The UK Patent Application GB-A 2 022 871 discloses a knitting machine. Signals from a random pulse generator are used to control the selection of stitch-forming tools of the knitting system. The random pulses are taken at instants controlled by a synchronisation pulse generator so as to be in synchronisation with the machine speed.

The United States Patent US-A 4,495,560 discloses a fluctuating drive system comprising a random generating means adapted to generate a physical quantity having a spectral density for each frequency with a relationship 1/f^k (where k is a non-zero arbitrary value). Control means are provided for controlling the randomly varying physical quantity, where amplifying means are provided for amplifying the controlled physical quantity.
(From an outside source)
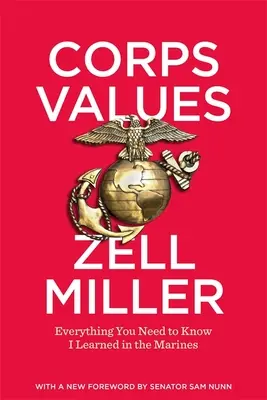 I valori del Corpo: Tutto quello che devi sapere l'ho imparato nei Marines - Corps Values: Everything You Need to Know I Learned in the Marines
Driving means are provided to drive energy generating means which generate energy in accordance with the amplified physical quantity.
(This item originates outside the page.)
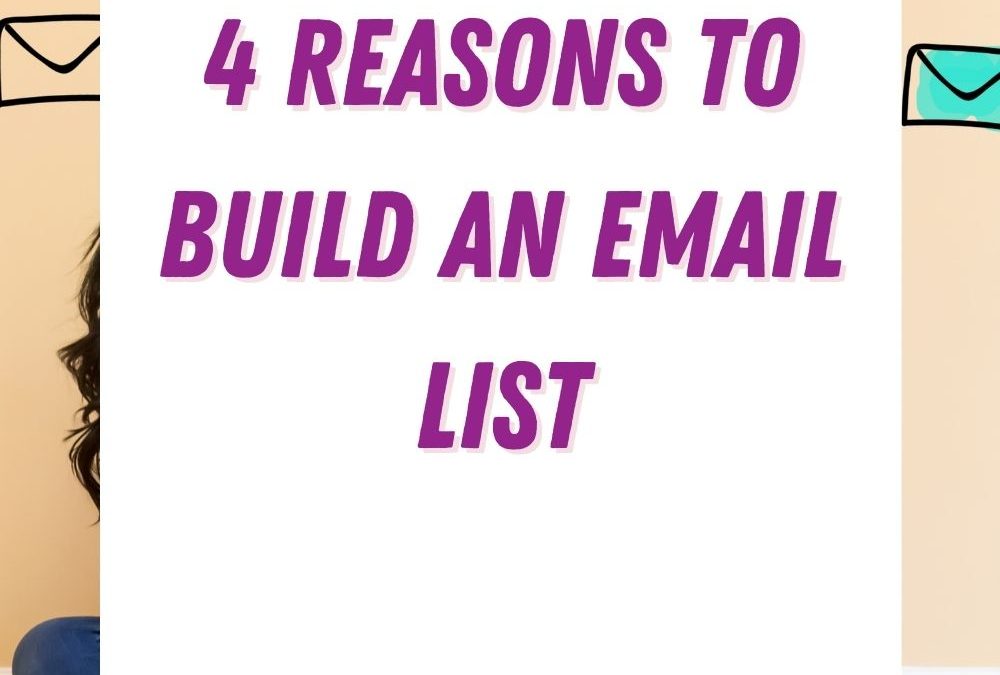4 Reasons why you need an email list for your business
In such conventional knitting machines, the problem arises that the density of the knitted loops in the knitted fabric is constant or varies at random, resulting in that the knitted fabric does not have the natural irregular feel of a hand-knitted fabric; hence it is not very comfortable to a wearer.

The object underlying the present invention is to provide a knitting machine by means of which knitted fabrics can be produced which have a natural irregular feel that is comfortable to a wearer.

The object underlying the present invention is solved in a satisfying and advantageous manner by the knitting machine of the invention as defined in claim 1.

The yarn is fed to the needles at a speed having a 1/f fluctuation, and also the axial movement of the cam co-operating with the needles varies with a 1/f fluctuation. Hence, a knitted fabric is obtained in which the loop density along the length of the fabric varies with a 1/f fluctuation.

One advantage of the present invention resides in that a knitted fabric is obtained by means of a machine, at low cost and on an industrial scale, wherein the knitted loops are neither all the same nor do they vary randomly. Rather, the knitted loops vary with a specific correlation, namely a correlation with a 1/f fluctuation, thus imparting to the knitted fabric a feel with the natural irregularity of a hand-knitted fabric, which provides a special esthetic beauty and is comfortable to wear.

In the present application, the expression "1/f fluctuation" is defined and understood as a power spectrum, with a frequency component f, which is proportional to 1/f^k, wherein k is approximately 1, and as a power spectrum which is similar to the above.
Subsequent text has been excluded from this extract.